In map method of CrawlDbFilter class, if url == null and urlNormalizers is
true, may be it will throw NullPointerExceptions .

if (urlNormalizers) {
      try {
        url = normalizers.normalize(url, scope); // normalize the url
      } catch (Exception e) {
        LOG.warn("Skipping " + url + ":" + e);
        url = null;
      }
    }
    if (url != null && urlFiltering) {
      try {
        url = filters.filter(url); // filter the url
      } catch (Exception e) {
        LOG.warn("Skipping " + url + ":" + e);
        url = null;
      }
    }

May be we can check the url null value before urlNormalizers.

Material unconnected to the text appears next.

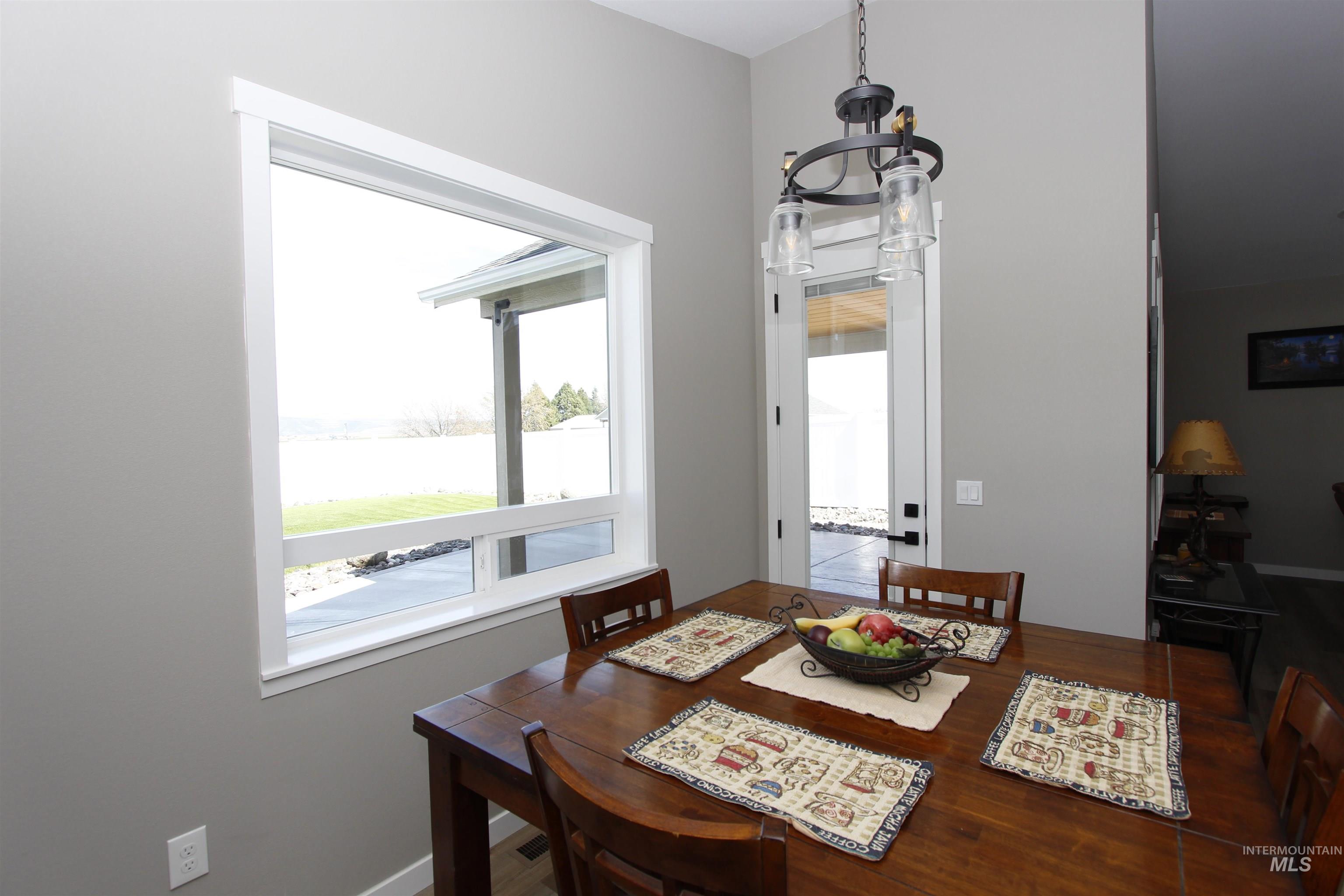 2013 Cedar Avenue Lewiston, ID 83501 - Photo 16 of 46 Dining space featuring baseboards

if ( url != null && urlNormalizers) {
    ....
    }

-- 
Don't Grow Old, Grow Up... :-)

Re: CrawlDbFilter urlNormalizers NULL pointer

Posted by feng lu <am...@gmail.com>.
ok. i will add a issue and a trivial test case later.

thanks Lewis


On Tue, Jan 22, 2013 at 2:09 PM, Lewis John Mcgibbney <
lewis.mcgibbney@gmail.com> wrote:

> This looks like a good catch.
> Please open a ticket for it if you can. A trivial test case would also be
> great if you are able.
> Lewis
>
>
> On Monday, January 21, 2013, feng lu <am...@gmail.com> wrote:
> > Hi all
> > In map method of CrawlDbFilter class, if url == null and urlNormalizers
> is true, may be it will throw NullPointerExceptions .
> > if (urlNormalizers) {
> >       try {
> >         url = normalizers.normalize(url, scope); // normalize the url
> >       } catch (Exception e) {
> >         LOG.warn("Skipping " + url + ":" + e);
> >         url = null;
> >       }
> >     }
> >     if (url != null && urlFiltering) {
> >       try {
> >         url = filters.filter(url); // filter the url
> >       } catch (Exception e) {
> >         LOG.warn("Skipping " + url + ":" + e);
> >         url = null;
> >       }
> >     }
> > May be we can check the url null value before urlNormalizers.
> > if ( url != null && urlNormalizers) {
> >     ....
> >     }
> > --
> > Don't Grow Old, Grow Up... :-)
>
> --
> *Lewis*
>
>


-- 
Don't Grow Old, Grow Up... :-)

Re: CrawlDbFilter urlNormalizers NULL pointer

Posted by Lewis John Mcgibbney <le...@gmail.com>.
This looks like a good catch.
Please open a ticket for it if you can. A trivial test case would also be
great if you are able.
Lewis

On Monday, January 21, 2013, feng lu <am...@gmail.com> wrote:
> Hi all
> In map method of CrawlDbFilter class, if url == null and urlNormalizers
is true, may be it will throw NullPointerExceptions .
> if (urlNormalizers) {
>       try {
>         url = normalizers.normalize(url, scope); // normalize the url
>       } catch (Exception e) {
>         LOG.warn("Skipping " + url + ":" + e);
>         url = null;
>       }
>     }
>     if (url != null && urlFiltering) {
>       try {
>         url = filters.filter(url); // filter the url
>       } catch (Exception e) {
>         LOG.warn("Skipping " + url + ":" + e);
>         url = null;
>       }
>     }
> May be we can check the url null value before urlNormalizers.
> if ( url != null && urlNormalizers) {
>     ....
>     }
> --
> Don't Grow Old, Grow Up... :-)

-- 
*Lewis*